Il mediatore “esperto”

Il Tea Break di gennaio 20221 ha toccato il problema, ricorrente, del grado di conoscenza della ‘materia del contendere’ richiesto al mediatore.

Come noto, secondo molti è opportuno che una certa qual conoscenza vi sia. Altrimenti – si sostiene – il mediatore non è in grado di seguire la discussione e, soprattutto, di offrire agli interessati un contributo minimamente utile in termini di suggerimenti e/o soluzioni. Tale esigenza è sentita soprattutto dai mediatori che interpretano il loro ruolo in tal senso (offrire suggerimenti e/o aiutare le parti a trovare soluzioni), ma anche da coloro che ritengono che così il ruolo del mediatore venga in qualche modo ‘protetto’ e reso più credibile (che figura ci faccio se mostro di non capire quel di cui si discute?).

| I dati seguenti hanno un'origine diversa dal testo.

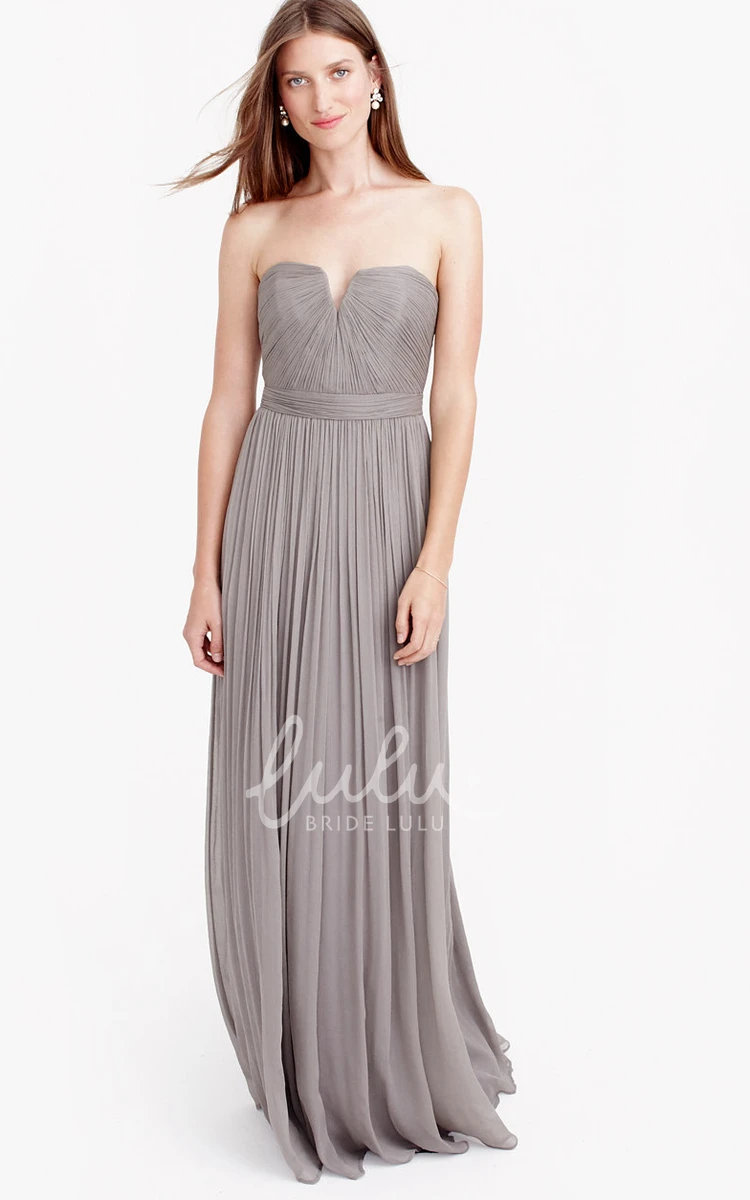 Sheath Chiffon Bridesmaid Dress Sleeveless Floor-Length Ruched Pleated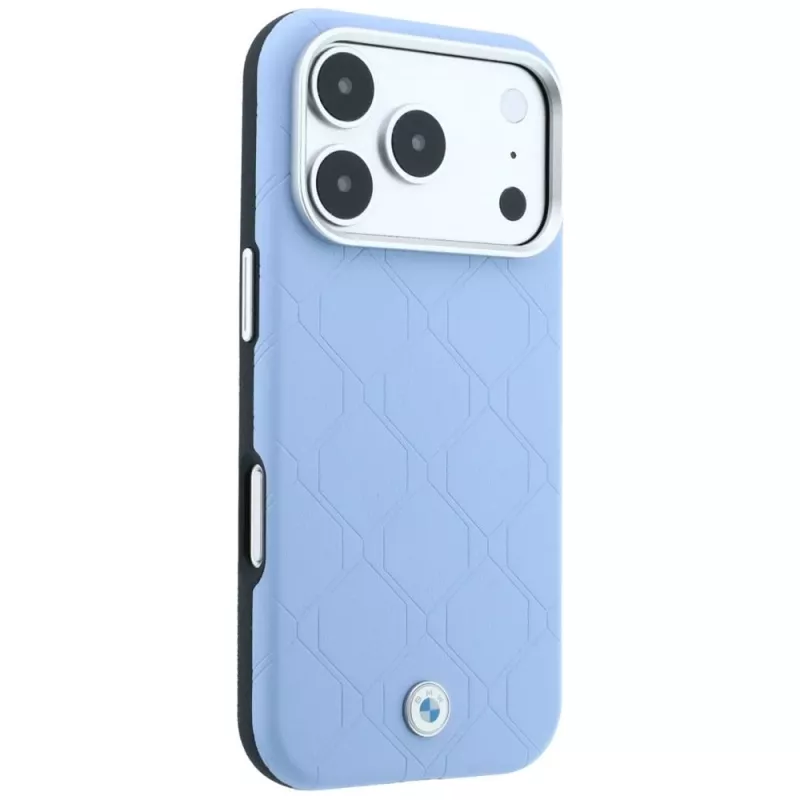 Capa MagSafe BMW Sign Deboss Quilted Metal Logo para iPhone 17 Pro / 18 Pro - Azul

Una particolare declinazione di questa expertise minimale è riscontrabile nell’idea diffusa che il mediatore debba comunque ‘saperne qualcosa’ di diritto (inspecie operando nel contesto del decreto 28/2010, che richiede la dimestichezza da parte del mediatore con qualche passaggio ‘legale’ – la produzione di un verbale, la verifica deipoteri delle parti, …).

Nella pratica trasformativa, invero, tali esigenze non vi sono; anzi, il dare consigli o suggerire soluzioni è considerate pericolosa espressione di atteggiamento direttivo, che mina l’autodeterminazione delle parti. Deve/può essere quindi il mediatore, almeno in quest’ottica, ‘ignorante’?

Chi vuole farsi un’idea del dibattito che ne è scaturito, dia un’occhiata agli highlights vada qui.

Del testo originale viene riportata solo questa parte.